Allah menyerupakan kehancuran dunia dan kefanaannya yang begitu cepat
dengan hujan yang turun ke permukaan bumi. Ia menumbuhkan tanaman yang
menghijau lalu kemudian berubah menjadi layu, kering dan pada akhirnya
mati. Demikianlah kenikmatan dunia, yang pasti pada saatnya akan punah
dan binasa. Maka barangsiapa mengambil pelajaran dari permisalan yang
disebutkan di atas, akan mengetahui bahwa dunia ibarat es yang semakin
lama semakin mencair dan pada akhirnya akan hilang dan sirna. Sedangkan
segala apa yang ada di sisi Allah adalah lebih kekal, dan akhirat itu
lebih baik dan utama sebagaimana lebih indah dan kekalnya permata
dibandingkan dengan es. Apabila seseorang mengetahui dengan yakin akan
perbedaan antara dunia dan akhirat dan dapat membandingkan keduanya,
maka akan timbul tekad yang kuat untuk menggapai kebahagian dunia
akhirat.
Definisi Zuhud
Banyak sekali penjelasan ulama tentang makna zuhud. Umumnya mengarah
kepada makna yang hampir sama. Di sini akan disampaikan sebagian dari
pendapat tersebut.
Makna secara bahasa:
Zuhud menurut bahasa berarti berpaling dari sesuatu karena hinanya
sesuatu tersebut dan karena (seseorang) tidak memerlukannya. Dalam
bahasa Arab terdapat ungkapan “syaiun zahidun” yang berarti “sesuatu yang rendah dan hina”.
Makna secara istilah:
Ibnu Taimiyah mengatakan – sebagaimana dinukil oleh muridnya, Ibnu
al-Qayyim – bahwa zuhud adalah meninggalkan apa yang tidak bermanfaat
demi kehidupan akhirat.
Al-Hasan Al-Bashri menyatakan bahwa zuhud itu bukanlah mengharamkan
yang halal atau menyia-nyiakan harta, akan tetapi zuhud di dunia adalah
engkau lebih mempercayai apa yang ada di tangan Allah daripada apa yang
ada di tanganmu. Keadaanmu antara ketika tertimpa musibah dan tidak
adalah sama saja, sebagaimana sama saja di matamu antara orang yang
memujimu dengan yang mencelamu dalam kebenaran.

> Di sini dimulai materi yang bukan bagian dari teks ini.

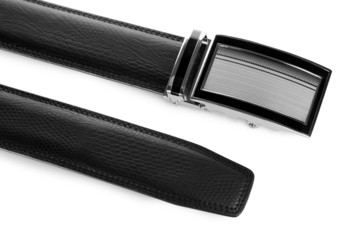 men's leather belt isolated on white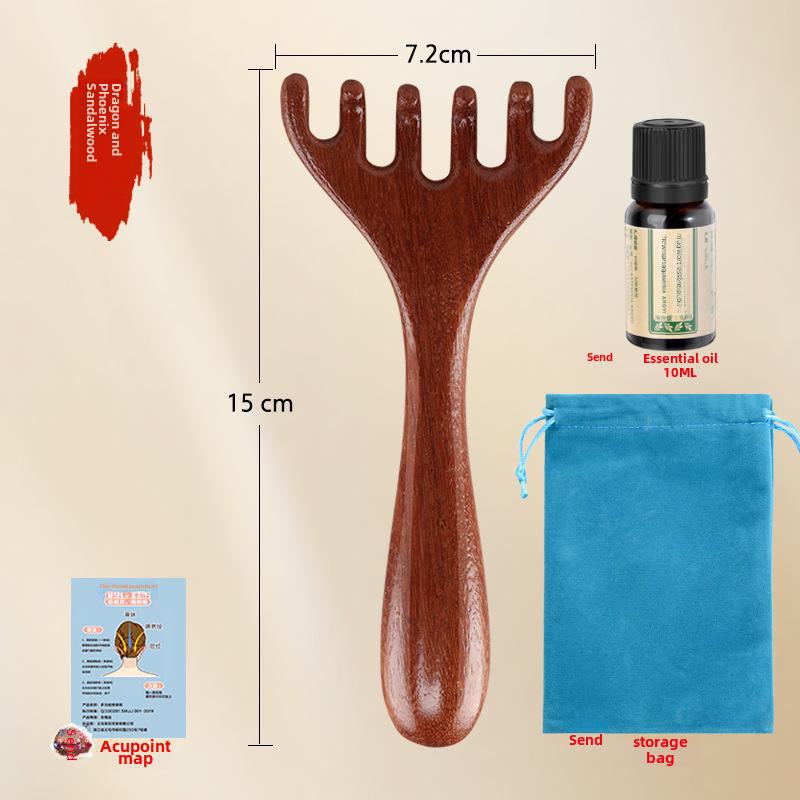 Массажер из рогов сандалового дерева: Расческа для кожи головы с пятью зубцами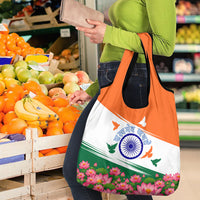India Flag Grocery Bag Jet Flypast Ashoka Chakra Lotus Vibrant Patriotic Tricolor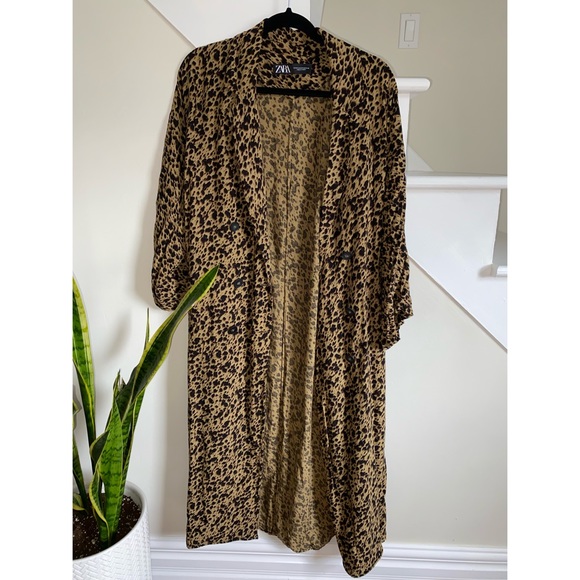 Zara Leopard Trench Coat - Picture 4 of 6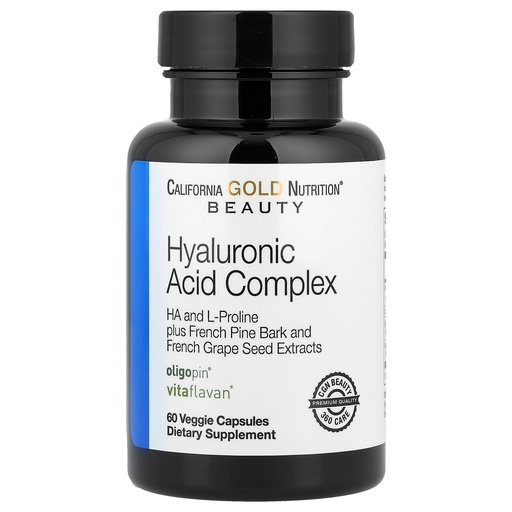 [BRSWKEA3CZ6QKCYZ] California Gold Nutrition Hyaluronic Acid Complex with L-Proline, French Grape Seed and French Maritime Pine Bark Extract, 60 Veggie Capsules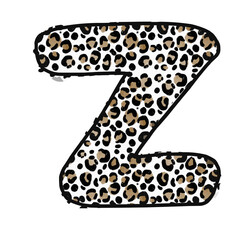 Cheetah print doodle font letter z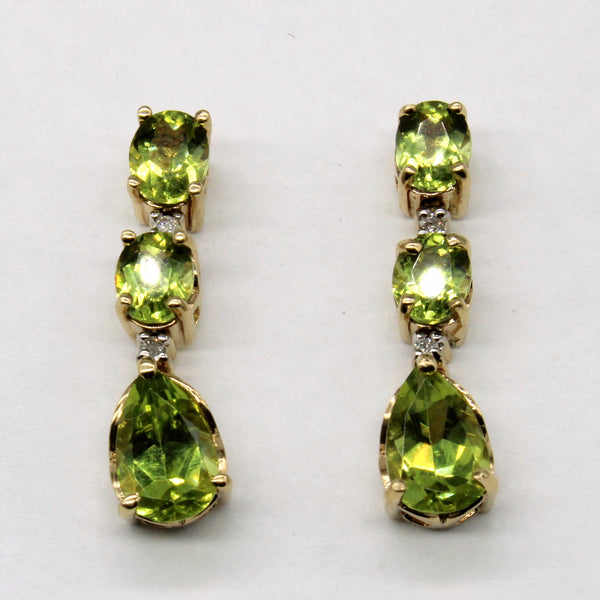 Peridot & Diamond Drop Earrings | 2.80ctw, 0.02ctw |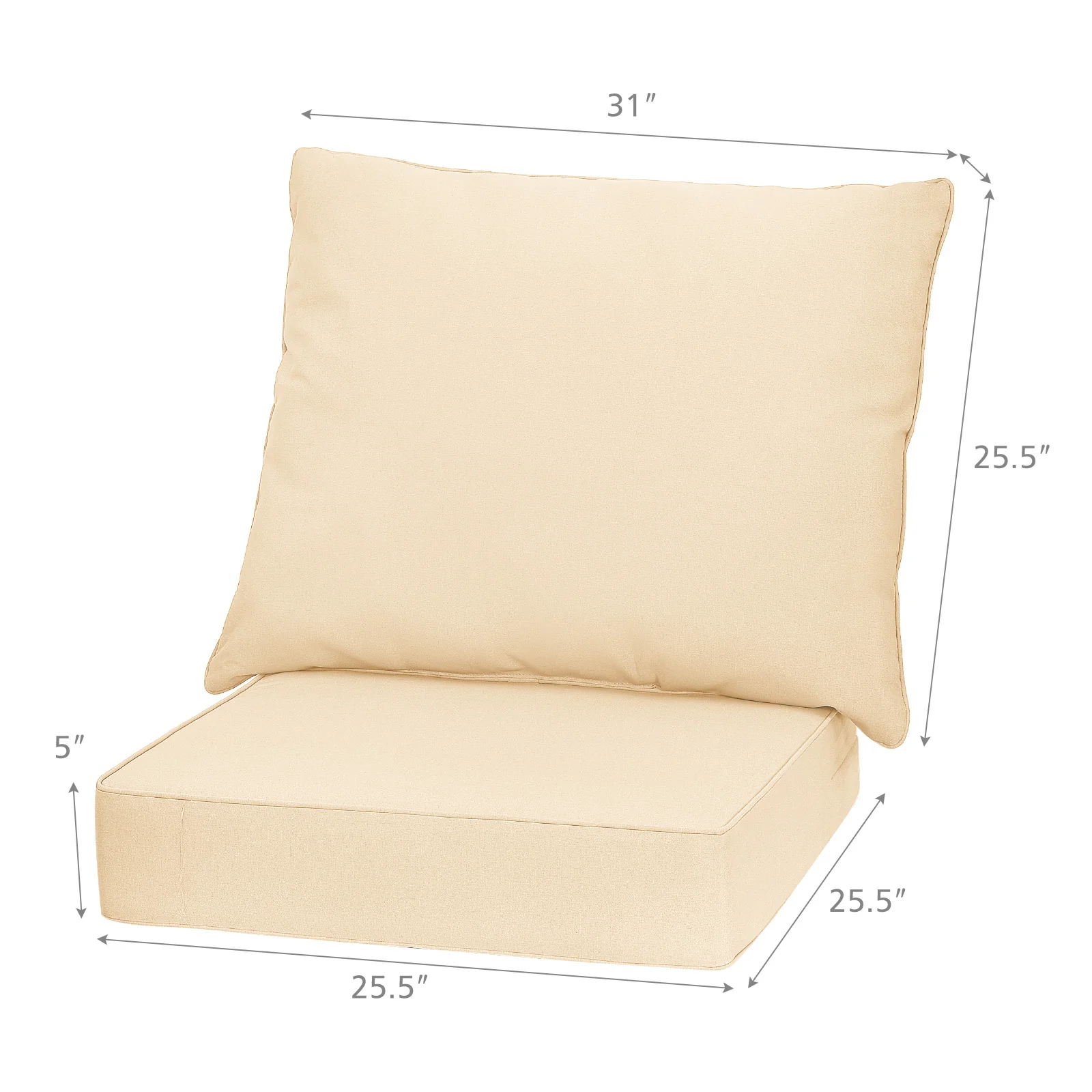 Deep Seat Chair Cushion Pads Set With Rope Belts, Beige - Image 6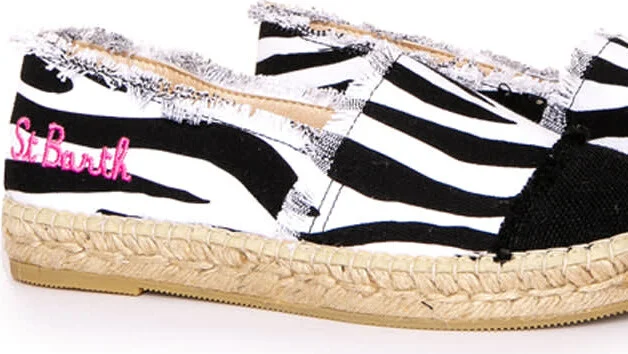 Zebra Print Canvas Espadrillas With Embroidery - Image 2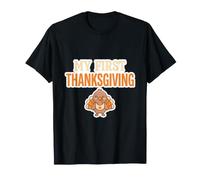 My First Thanksgiving Cute Turkey Kawaii Cartoon Kids Style T-Shirt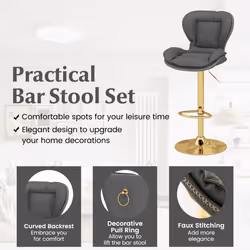 Set of 2 Bar Stools Adjustable Swivel Leather Pub Chair Kitchen Dining Chairs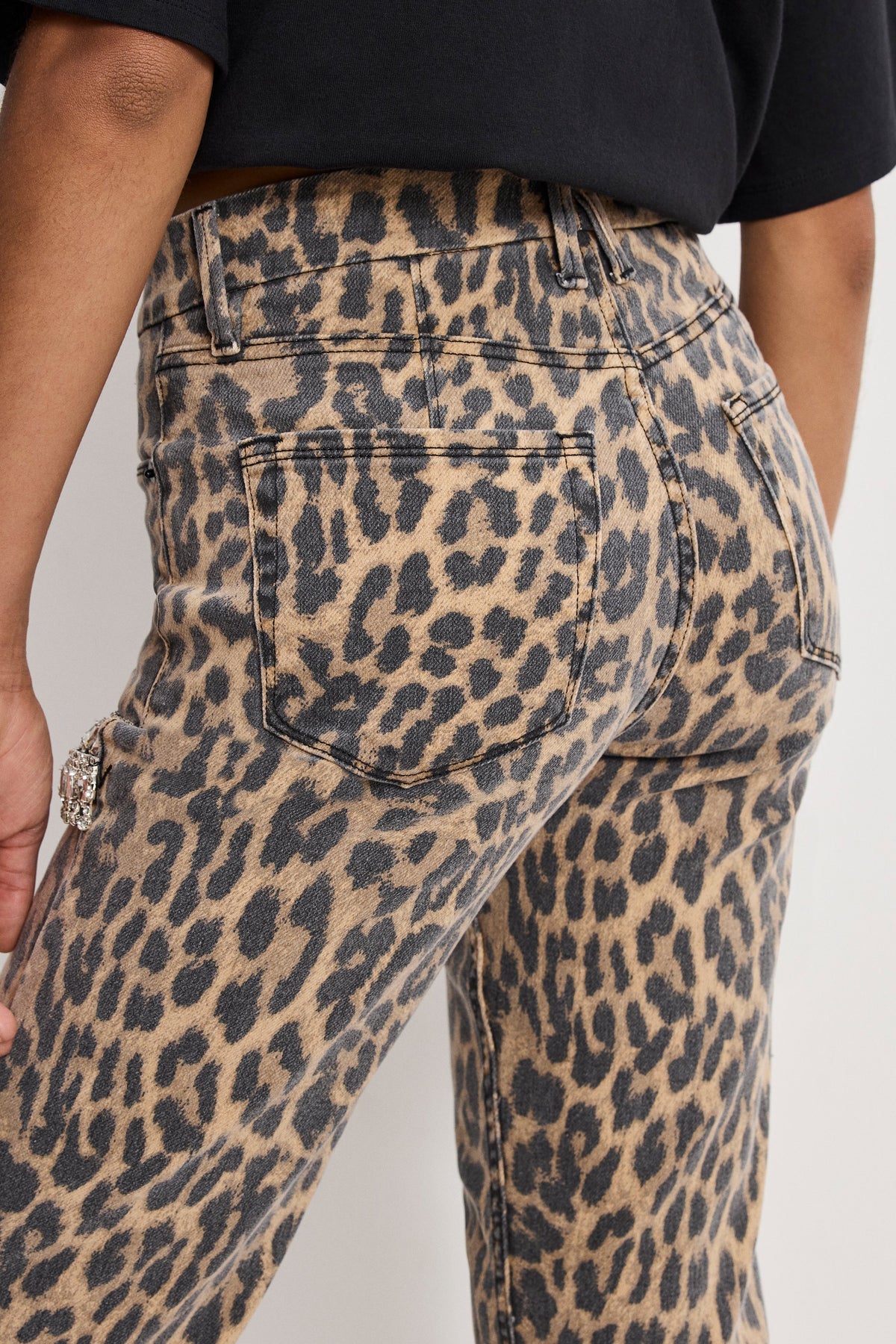 Luxury LEOPARD GOOD ICON STRAIGHT DIAMOND JEANS LUCKY LEOPARD001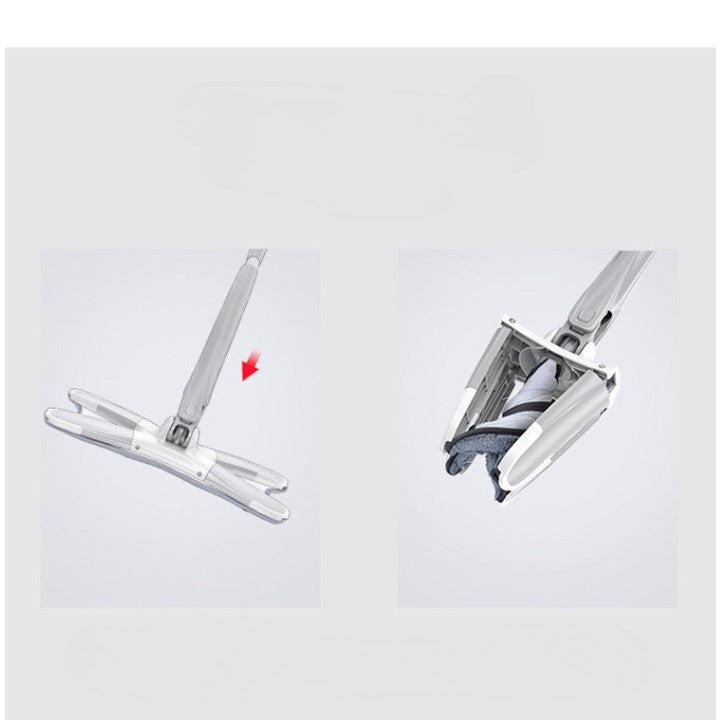 Mop Plat, Flippy, cu Sistem de Stoarcere, 4 Lavete Incluse, Lungime Telescopica 140 cm, Argintiu-10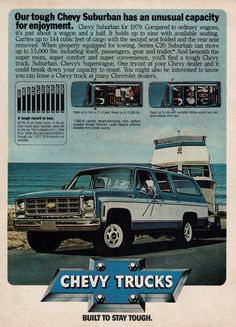 an advertisement for the chevrolet suburban truck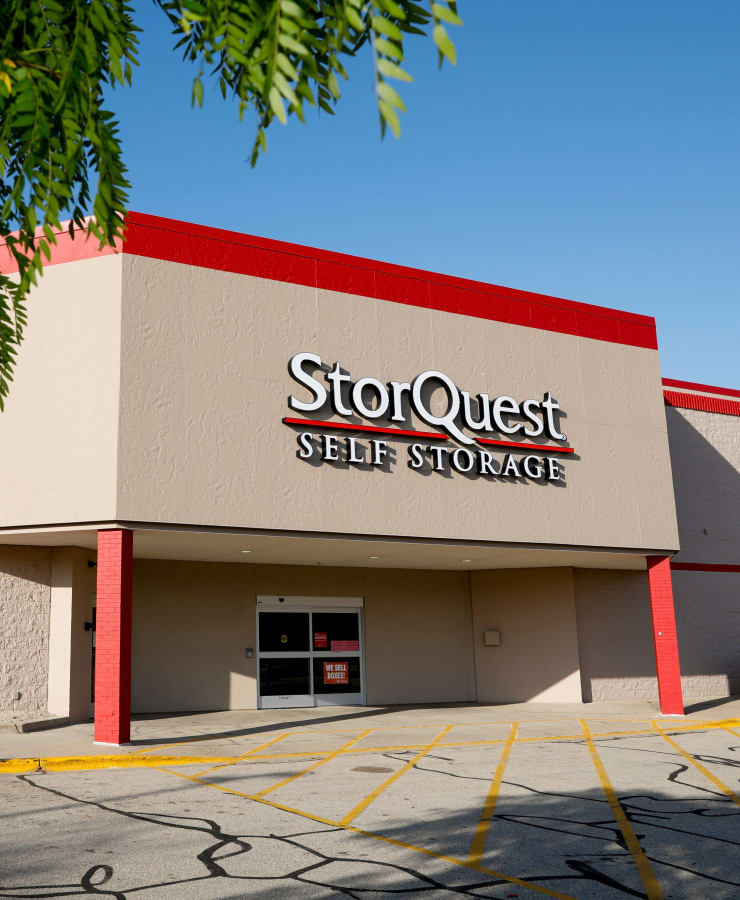 The exterior of the main entrance at StorQuest Self Storage in Madison, Wisconsin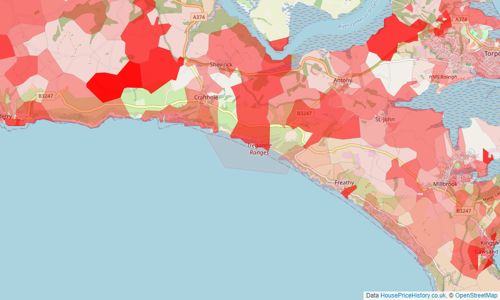 Heatmap of property prices in Torpoint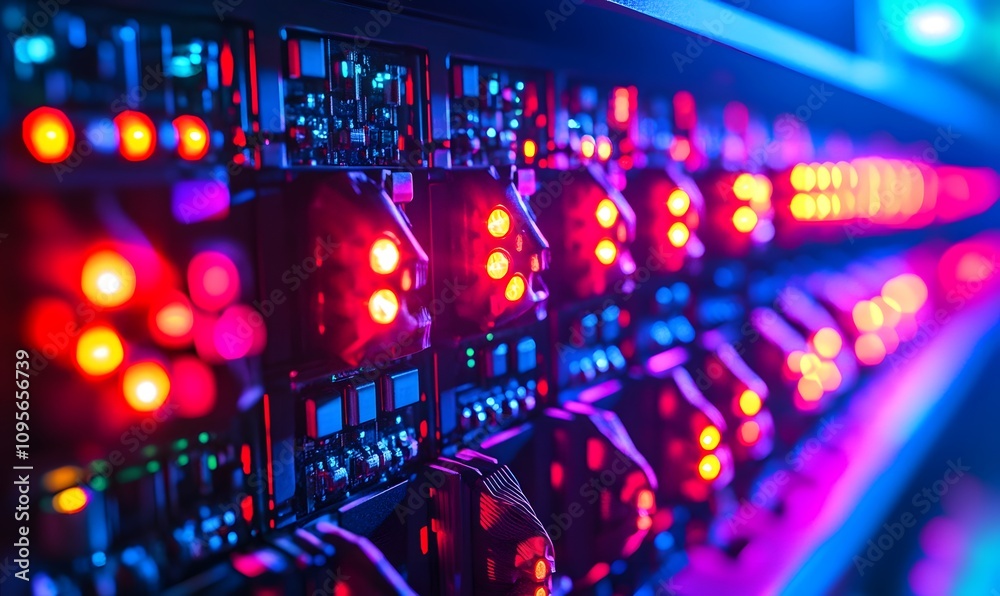 Illuminated server rack with colorful lights.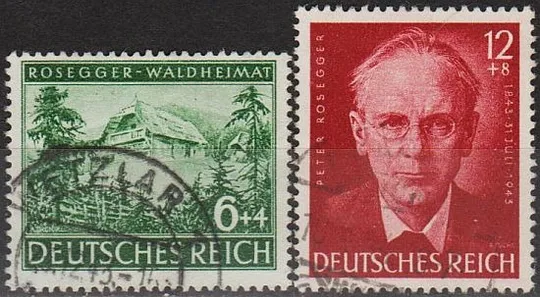 1943 - Рейх - 100 років Розеггера Mi.855-56 _2,40 Евро Ціна
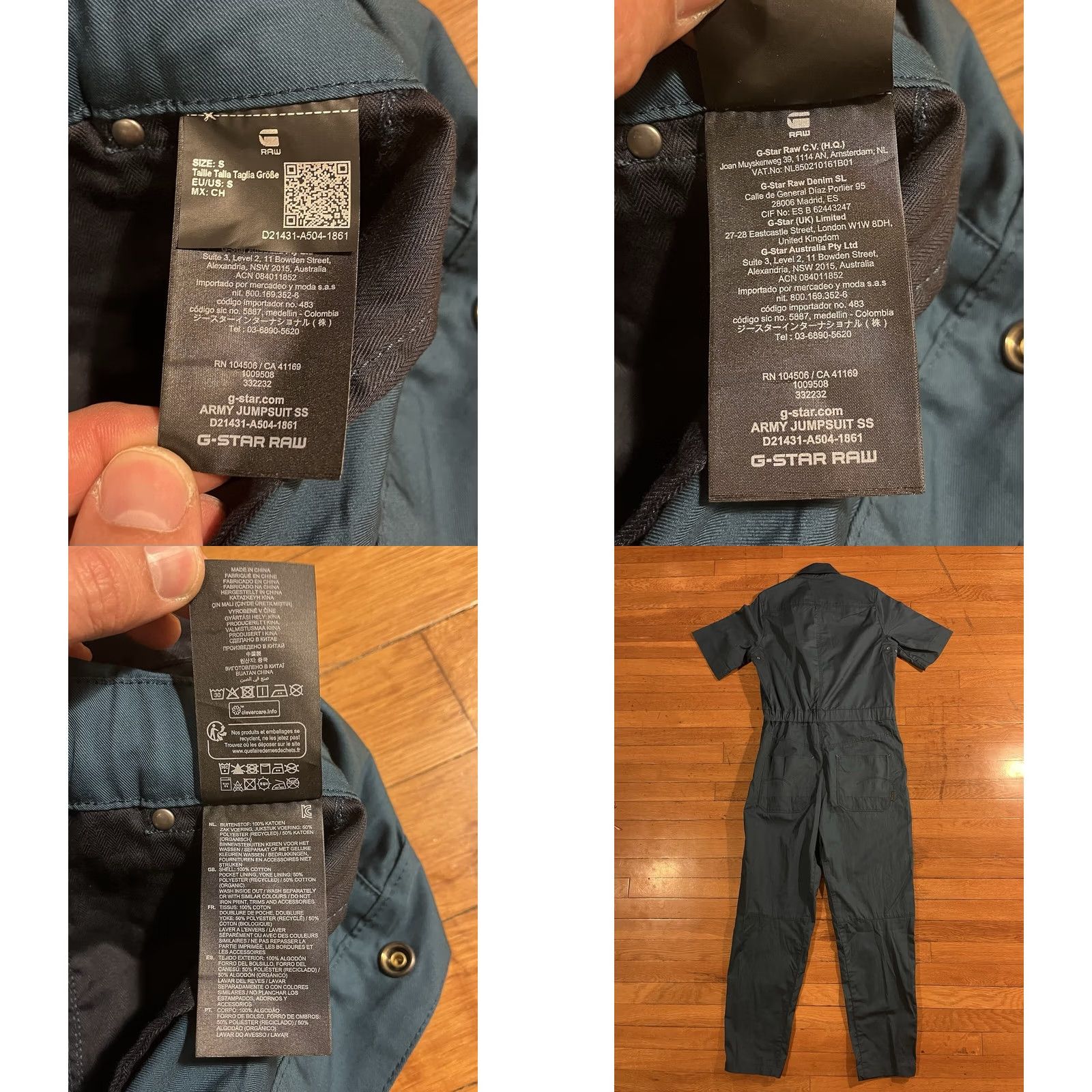 G-Star G Star Raw Twill Army Jumpsuit Women's Small Nitro Blue Shirt? Size 28" / US 6 / IT 42 - 8 Thumbnail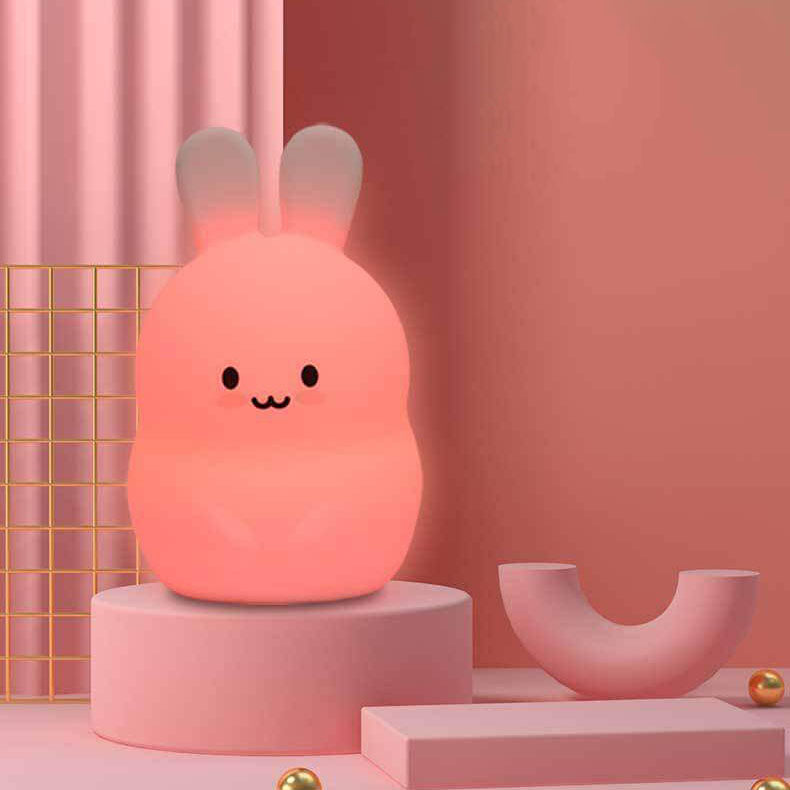 Cute Rabbit Pat Silicone Table Lamp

Di sini zuhud ditafsirkan dengan tiga perkara yang semuanya berkaitan dengan perbuatan hati:
- Bagi seorang hamba yang zuhud, apa yang ada di sisi Allah lebih dia percayai daripada apa yang ada di tangannya sendiri. Hal ini timbul dari keyakinannya yang kuat dan lurus terhadap kekuasaan Allah. Abu Hazim az-Zahid pernah ditanya, “Berupa apakah hartamu?” Beliau menjawab, “Dua macam. Aku tidak pernah takut miskin karena percaya kepada Allah, dan tidak pernah mengharapkan apa yang ada di tangan manusia.” Kemudian beliau ditanya lagi, “Engkau tidak takut miskin?” Beliau menjawab, “(Mengapa) aku harus takut miskin, sedangkan Rabb-ku adalah pemilik langit, bumi serta apa yang berada di antara keduanya.”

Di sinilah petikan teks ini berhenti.